[Stored items]

*-*-*

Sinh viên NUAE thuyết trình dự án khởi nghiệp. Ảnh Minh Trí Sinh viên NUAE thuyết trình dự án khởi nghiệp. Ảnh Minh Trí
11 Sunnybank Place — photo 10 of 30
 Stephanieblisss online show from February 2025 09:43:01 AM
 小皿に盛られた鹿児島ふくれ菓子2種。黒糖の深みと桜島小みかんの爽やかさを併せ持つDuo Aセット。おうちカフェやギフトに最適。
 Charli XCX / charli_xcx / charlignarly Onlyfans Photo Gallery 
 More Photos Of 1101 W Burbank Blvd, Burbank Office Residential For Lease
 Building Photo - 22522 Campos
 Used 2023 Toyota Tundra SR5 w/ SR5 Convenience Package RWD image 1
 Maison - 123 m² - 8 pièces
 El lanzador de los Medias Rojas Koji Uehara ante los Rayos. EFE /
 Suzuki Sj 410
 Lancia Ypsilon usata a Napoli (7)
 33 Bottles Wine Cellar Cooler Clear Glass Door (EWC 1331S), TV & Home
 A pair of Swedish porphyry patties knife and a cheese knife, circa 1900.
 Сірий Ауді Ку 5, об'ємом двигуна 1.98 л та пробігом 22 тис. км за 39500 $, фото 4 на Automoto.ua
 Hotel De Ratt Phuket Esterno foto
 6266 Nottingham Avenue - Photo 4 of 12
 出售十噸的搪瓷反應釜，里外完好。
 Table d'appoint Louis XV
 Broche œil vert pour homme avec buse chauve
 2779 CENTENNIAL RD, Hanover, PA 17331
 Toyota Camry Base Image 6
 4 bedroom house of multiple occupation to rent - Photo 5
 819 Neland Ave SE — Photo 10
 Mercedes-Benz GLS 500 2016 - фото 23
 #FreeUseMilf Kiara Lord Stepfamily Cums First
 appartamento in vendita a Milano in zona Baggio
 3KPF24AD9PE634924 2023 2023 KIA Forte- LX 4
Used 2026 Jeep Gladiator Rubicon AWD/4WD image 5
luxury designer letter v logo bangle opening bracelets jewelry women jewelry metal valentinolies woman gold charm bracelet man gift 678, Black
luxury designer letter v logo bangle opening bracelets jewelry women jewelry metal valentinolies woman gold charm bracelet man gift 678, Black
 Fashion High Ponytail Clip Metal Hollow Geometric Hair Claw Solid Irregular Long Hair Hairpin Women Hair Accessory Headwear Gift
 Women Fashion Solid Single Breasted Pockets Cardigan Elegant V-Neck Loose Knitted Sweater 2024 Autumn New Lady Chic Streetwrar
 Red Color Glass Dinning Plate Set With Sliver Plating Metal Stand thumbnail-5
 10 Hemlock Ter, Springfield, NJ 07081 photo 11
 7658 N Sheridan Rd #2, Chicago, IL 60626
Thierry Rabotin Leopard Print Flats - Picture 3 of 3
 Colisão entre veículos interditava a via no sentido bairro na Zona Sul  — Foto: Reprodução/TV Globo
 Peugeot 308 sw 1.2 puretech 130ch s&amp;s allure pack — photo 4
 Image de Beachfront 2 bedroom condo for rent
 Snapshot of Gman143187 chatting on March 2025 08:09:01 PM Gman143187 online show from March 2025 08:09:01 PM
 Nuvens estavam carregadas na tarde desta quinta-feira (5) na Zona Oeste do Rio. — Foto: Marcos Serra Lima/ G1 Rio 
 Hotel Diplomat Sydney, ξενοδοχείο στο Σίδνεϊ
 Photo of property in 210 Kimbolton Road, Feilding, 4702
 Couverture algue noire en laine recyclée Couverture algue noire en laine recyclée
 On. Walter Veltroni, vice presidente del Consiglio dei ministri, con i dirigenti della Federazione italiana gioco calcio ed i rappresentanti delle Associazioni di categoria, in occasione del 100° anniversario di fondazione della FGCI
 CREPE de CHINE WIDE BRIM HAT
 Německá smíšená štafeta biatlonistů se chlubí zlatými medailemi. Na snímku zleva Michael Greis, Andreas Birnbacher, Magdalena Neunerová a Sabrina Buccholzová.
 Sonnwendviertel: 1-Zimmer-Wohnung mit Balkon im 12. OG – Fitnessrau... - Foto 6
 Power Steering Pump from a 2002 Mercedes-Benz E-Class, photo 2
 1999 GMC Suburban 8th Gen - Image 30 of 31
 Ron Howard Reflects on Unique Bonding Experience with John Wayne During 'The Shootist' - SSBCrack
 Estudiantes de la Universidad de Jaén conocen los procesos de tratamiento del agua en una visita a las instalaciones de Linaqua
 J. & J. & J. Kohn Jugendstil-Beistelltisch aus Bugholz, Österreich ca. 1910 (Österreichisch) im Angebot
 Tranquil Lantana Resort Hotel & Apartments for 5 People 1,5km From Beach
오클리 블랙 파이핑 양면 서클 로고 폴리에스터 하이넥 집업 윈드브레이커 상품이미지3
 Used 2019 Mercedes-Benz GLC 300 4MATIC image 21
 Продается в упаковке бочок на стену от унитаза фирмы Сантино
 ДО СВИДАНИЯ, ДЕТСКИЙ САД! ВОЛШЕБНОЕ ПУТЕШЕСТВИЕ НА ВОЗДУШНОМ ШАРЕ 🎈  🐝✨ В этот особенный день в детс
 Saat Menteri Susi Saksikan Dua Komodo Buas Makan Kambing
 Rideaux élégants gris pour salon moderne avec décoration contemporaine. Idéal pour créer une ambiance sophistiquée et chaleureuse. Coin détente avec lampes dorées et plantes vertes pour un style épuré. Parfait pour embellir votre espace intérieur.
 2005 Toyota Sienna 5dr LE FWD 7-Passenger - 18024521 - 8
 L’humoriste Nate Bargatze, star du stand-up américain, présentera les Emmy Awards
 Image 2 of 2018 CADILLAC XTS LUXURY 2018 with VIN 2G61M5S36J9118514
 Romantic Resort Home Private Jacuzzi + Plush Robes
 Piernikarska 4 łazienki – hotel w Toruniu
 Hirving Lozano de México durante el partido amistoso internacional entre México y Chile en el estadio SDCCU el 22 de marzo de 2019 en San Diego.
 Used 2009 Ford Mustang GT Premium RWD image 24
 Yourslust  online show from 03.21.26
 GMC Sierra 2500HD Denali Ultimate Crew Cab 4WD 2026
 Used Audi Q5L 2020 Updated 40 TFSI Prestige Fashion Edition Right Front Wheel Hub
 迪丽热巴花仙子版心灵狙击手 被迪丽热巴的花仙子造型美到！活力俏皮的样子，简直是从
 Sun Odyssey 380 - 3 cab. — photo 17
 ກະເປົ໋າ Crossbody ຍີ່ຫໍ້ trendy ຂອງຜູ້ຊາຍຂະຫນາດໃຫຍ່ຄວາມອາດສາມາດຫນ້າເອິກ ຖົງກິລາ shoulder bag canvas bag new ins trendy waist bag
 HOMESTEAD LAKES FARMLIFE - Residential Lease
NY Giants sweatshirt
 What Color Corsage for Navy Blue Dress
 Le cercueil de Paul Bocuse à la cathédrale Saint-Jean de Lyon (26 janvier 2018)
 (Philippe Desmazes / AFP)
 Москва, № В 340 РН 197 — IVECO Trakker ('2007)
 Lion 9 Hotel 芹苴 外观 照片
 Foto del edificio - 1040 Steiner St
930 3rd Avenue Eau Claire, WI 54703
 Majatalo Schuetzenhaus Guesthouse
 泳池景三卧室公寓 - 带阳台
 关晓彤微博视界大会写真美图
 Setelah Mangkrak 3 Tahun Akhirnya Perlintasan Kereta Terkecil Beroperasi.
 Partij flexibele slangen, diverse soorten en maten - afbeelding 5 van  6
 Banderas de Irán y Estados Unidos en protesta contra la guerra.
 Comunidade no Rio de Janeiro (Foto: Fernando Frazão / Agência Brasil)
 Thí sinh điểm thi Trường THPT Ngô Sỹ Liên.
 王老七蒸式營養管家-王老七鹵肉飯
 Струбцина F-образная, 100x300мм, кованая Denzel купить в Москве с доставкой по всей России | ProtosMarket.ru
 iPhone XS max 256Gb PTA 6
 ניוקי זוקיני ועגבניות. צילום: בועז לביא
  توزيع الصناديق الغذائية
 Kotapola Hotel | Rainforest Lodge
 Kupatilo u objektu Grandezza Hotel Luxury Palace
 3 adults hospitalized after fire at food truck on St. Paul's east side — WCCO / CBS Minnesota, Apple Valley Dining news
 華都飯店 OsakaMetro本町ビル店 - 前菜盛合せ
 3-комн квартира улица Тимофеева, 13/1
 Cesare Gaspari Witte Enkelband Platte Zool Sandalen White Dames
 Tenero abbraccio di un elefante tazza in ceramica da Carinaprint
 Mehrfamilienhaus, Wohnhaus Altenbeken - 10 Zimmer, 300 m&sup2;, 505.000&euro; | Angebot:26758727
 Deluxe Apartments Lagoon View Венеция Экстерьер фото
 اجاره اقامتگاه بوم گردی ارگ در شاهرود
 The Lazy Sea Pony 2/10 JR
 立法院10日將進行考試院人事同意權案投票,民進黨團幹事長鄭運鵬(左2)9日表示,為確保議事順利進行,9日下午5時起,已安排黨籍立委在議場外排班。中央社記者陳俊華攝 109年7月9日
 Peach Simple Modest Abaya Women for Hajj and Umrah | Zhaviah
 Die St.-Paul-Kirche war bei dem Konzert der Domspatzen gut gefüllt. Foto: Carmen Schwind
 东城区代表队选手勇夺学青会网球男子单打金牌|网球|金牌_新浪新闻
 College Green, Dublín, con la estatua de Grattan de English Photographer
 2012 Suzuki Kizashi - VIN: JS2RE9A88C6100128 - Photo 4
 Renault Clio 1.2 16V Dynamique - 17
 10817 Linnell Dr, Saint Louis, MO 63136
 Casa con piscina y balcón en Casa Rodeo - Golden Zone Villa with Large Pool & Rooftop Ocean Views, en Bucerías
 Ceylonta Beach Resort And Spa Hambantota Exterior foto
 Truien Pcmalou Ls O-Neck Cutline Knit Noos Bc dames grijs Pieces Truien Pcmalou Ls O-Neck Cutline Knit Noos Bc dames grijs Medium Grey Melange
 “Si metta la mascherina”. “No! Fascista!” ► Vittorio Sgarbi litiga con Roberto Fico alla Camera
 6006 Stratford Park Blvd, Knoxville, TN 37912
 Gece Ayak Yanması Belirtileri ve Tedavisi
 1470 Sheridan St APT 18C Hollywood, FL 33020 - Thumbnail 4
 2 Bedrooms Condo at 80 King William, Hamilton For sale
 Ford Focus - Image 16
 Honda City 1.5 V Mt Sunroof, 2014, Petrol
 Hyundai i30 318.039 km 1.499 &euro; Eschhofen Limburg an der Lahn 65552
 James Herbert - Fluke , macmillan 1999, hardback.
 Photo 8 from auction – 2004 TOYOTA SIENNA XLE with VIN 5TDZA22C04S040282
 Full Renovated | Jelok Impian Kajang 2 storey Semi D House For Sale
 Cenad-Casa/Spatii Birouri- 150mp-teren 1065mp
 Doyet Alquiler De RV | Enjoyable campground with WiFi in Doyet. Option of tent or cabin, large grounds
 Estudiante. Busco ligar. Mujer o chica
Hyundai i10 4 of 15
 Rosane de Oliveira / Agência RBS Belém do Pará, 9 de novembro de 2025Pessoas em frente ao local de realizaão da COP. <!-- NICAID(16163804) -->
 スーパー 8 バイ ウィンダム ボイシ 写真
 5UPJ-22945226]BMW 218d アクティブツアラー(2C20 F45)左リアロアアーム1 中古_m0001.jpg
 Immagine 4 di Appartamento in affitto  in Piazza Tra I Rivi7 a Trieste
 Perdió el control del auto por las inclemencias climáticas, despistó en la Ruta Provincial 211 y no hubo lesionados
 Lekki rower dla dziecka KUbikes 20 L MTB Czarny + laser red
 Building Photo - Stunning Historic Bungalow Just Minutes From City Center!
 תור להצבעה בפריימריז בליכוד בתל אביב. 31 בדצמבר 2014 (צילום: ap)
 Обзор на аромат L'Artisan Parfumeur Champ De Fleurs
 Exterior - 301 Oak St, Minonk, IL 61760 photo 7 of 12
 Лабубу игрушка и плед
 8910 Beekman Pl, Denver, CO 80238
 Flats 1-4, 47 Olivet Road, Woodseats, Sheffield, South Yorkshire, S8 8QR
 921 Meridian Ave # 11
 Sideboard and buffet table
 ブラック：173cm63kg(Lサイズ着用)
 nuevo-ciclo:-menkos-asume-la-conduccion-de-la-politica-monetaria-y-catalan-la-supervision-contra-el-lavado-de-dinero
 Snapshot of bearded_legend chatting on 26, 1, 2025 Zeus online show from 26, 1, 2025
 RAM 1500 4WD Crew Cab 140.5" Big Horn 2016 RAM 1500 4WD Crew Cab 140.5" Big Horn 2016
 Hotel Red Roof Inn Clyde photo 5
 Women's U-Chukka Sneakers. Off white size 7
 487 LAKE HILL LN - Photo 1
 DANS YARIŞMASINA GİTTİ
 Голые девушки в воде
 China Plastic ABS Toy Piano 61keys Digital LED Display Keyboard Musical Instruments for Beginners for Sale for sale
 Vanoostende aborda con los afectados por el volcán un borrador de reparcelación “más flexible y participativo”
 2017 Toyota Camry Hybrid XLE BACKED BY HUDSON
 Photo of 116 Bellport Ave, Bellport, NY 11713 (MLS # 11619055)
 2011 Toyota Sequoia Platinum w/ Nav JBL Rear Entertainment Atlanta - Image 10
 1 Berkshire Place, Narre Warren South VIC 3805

*-*-*

> _Task_
Please report only the count of lines in the entries above where the word "Exterior" appears.

> _The answer_
2